Segment Start: DATASET EXCERPTS

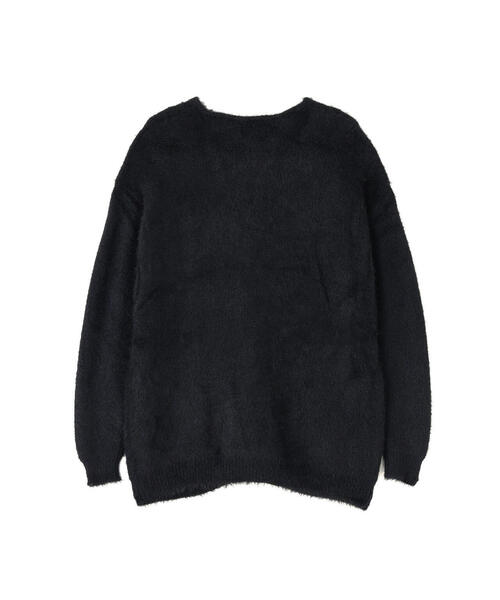 DANKE SCHON(ダンケシェーン)の「【WEB&DEPOT限定】DankeSchon/ダンケシェーン/SHAGGY CARDIGAN(カーディガン/ボレロ・レディース・ブラック/ホワイト/モスグリーン・L/XL/M)」の4枚目の写真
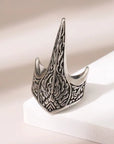 Nordic Retro Vikings Bird Skeleton Ring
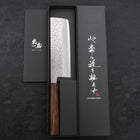 Nakiri Chromax Mirror Tsuchime Sumi Urushi Handle 165mm-[Musashi]-[Couteaux de cuisine japonais]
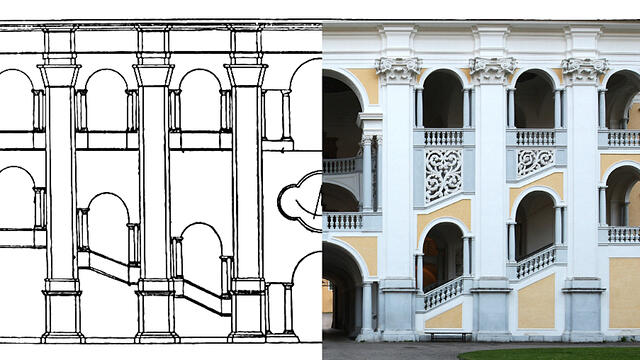 Plan und Wirklichkeit "Kaiserstiege"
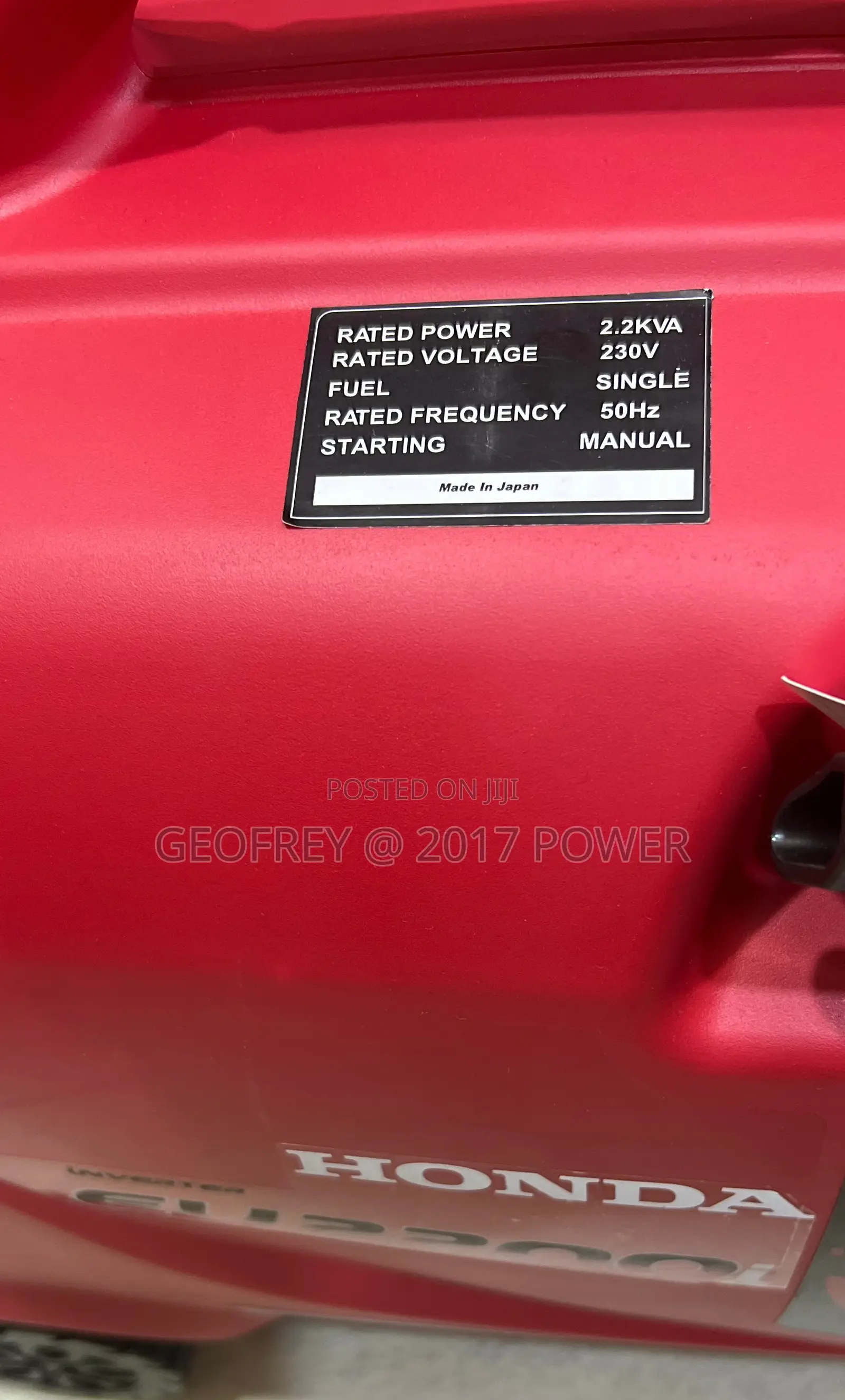 Inverter Eu22000i Honda Sound Proof Japan Made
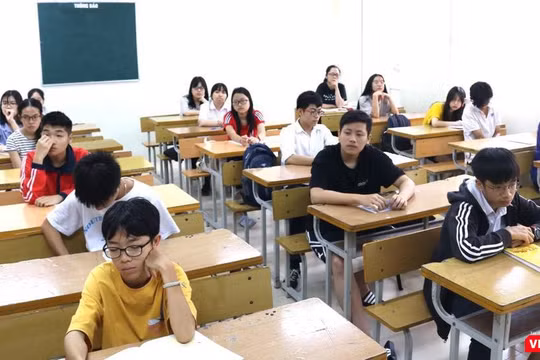 Học sinh trong giờ học. Ảnh: Minh Thúy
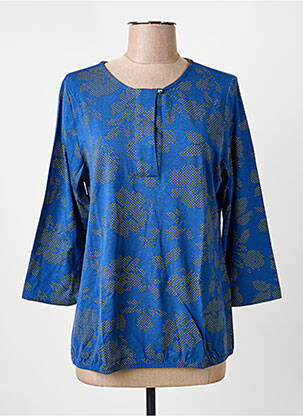 Top țesătură jersey mâneci lungi albastru RABE femeie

Segment End: DATASET EXCERPTS

> THE TASK
Find the line containing "Học sinh trong giờ học. Ảnh: Minh Thúy" in the records above and restate it, and each line after it through the end, word for word, dropping the pictures.

> ANSWER TO THE PROBLEM
 Học sinh trong giờ học. Ảnh: Minh Thúy
 Top țesătură jersey mâneci lungi albastru RABE femeie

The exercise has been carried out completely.